## Your instructions
The pictures stay out. Please retype every line below exactly.
BEGIN Data to examine
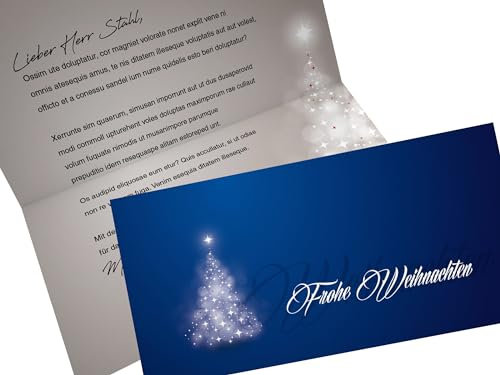 Weihnachtskarten Verträumter Lichterbaum Blau | Klappkarten mit bedruckbarem Einleger | passende Kuverts | für Ink Laser Copy Hand (100 Karten)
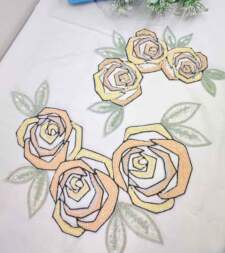 Geometric Rose Sequins Applique No 821b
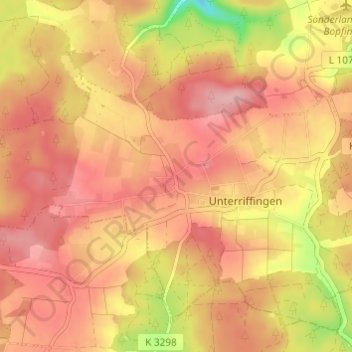 Topografische Karte Oberriffingen, Höhe, Relief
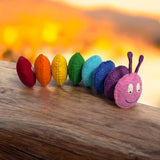 Handmade Wool Felt Caterpillar Toy: Rainbow Color Toddler Plushie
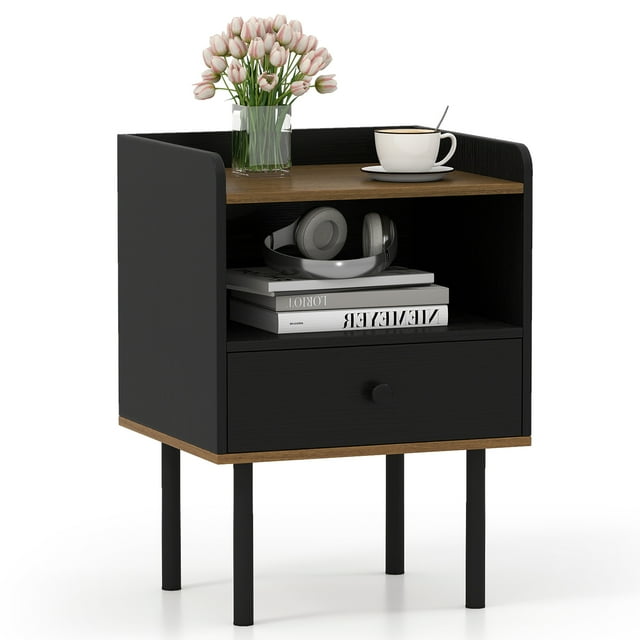 Gymax Nightstand w/ Drawer Bed Side Table w/ Wide Tabletop & Open Shelf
END Data to examine
## Exercise output
 Weihnachtskarten Verträumter Lichterbaum Blau | Klappkarten mit bedruckbarem Einleger | passende Kuverts | für Ink Laser Copy Hand (100 Karten)
 Geometric Rose Sequins Applique No 821b
 Topografische Karte Oberriffingen, Höhe, Relief
 Handmade Wool Felt Caterpillar Toy: Rainbow Color Toddler Plushie
 Gymax Nightstand w/ Drawer Bed Side Table w/ Wide Tabletop & Open Shelf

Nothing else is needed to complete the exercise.